Exercise: Make an exact copy of the records, dropping all pictures.

Entries shown:
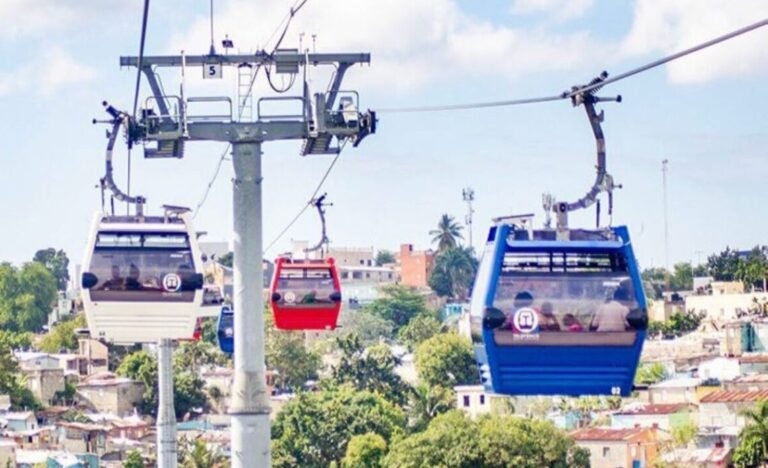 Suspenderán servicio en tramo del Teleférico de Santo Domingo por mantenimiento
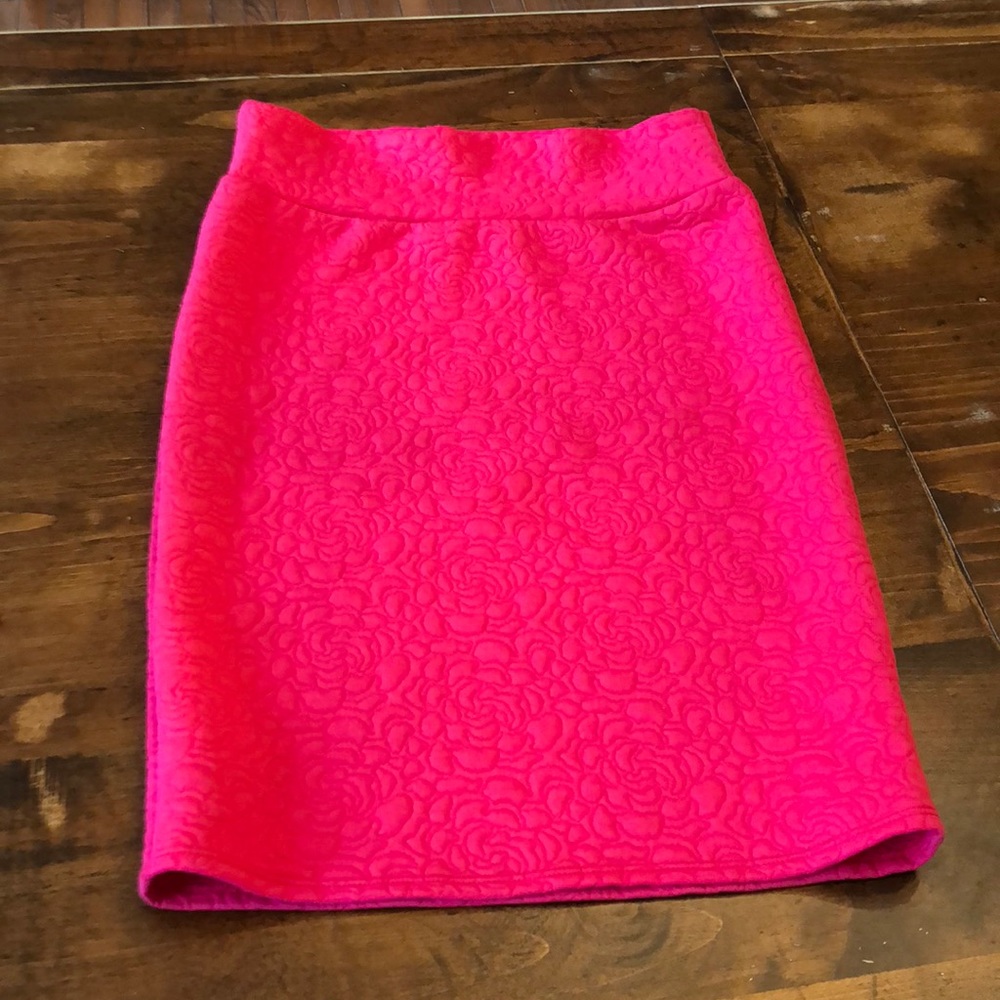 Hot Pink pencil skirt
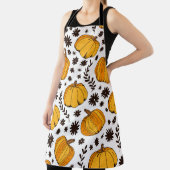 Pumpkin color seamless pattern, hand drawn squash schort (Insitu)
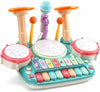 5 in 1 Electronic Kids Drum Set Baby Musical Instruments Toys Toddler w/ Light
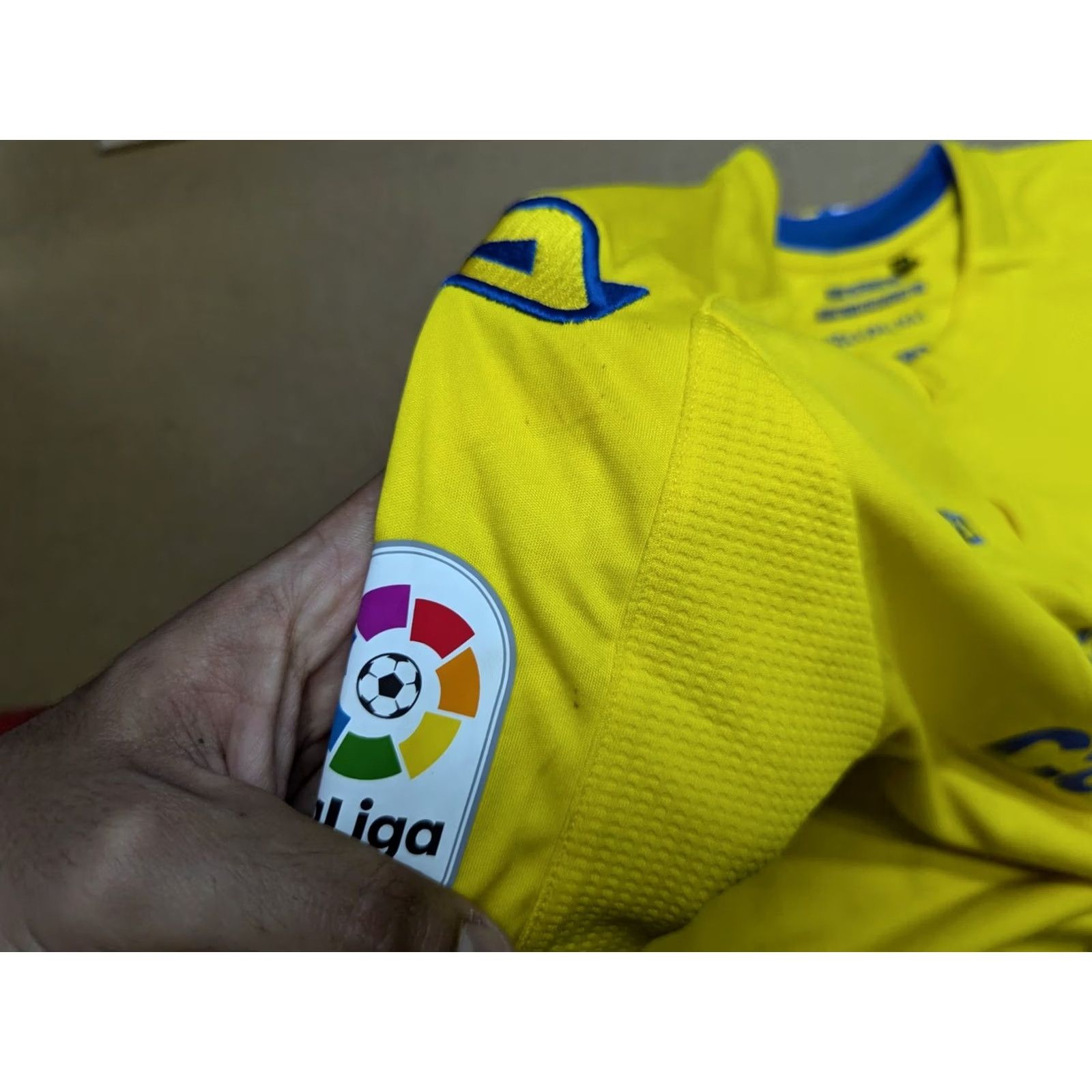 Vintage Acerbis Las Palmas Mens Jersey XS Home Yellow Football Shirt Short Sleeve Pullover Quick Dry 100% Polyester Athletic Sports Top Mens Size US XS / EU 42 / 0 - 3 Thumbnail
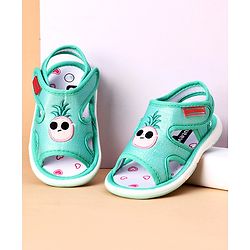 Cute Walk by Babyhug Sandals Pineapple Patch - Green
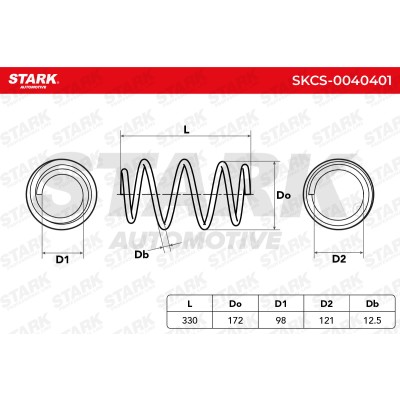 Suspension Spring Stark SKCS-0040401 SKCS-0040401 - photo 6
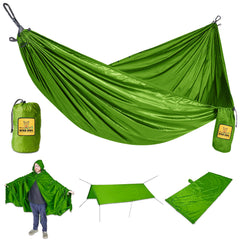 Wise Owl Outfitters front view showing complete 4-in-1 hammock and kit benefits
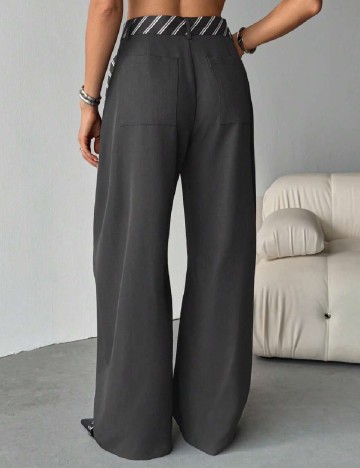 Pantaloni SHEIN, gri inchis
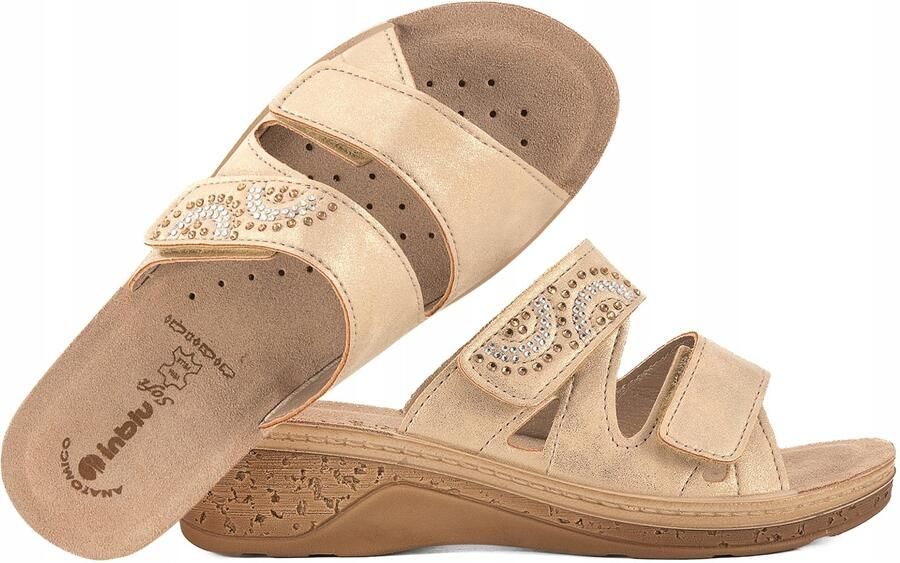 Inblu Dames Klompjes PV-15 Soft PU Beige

Solution to the problem:
 Suspenderán servicio en tramo del Teleférico de Santo Domingo por mantenimiento
 Hot Pink pencil skirt
 Pumpkin color seamless pattern, hand drawn squash schort (Insitu)
 5 in 1 Electronic Kids Drum Set Baby Musical Instruments Toys Toddler w/ Light
 Vintage Acerbis Las Palmas Mens Jersey XS Home Yellow Football Shirt Short Sleeve Pullover Quick Dry 100% Polyester Athletic Sports Top Mens Size US XS / EU 42 / 0 - 3 Thumbnail
 Cute Walk by Babyhug Sandals Pineapple Patch - Green
 Suspension Spring Stark SKCS-0040401 SKCS-0040401 - photo 6
 Wise Owl Outfitters front view showing complete 4-in-1 hammock and kit benefits
 Pantaloni SHEIN, gri inchis
 Inblu Dames Klompjes PV-15 Soft PU Beige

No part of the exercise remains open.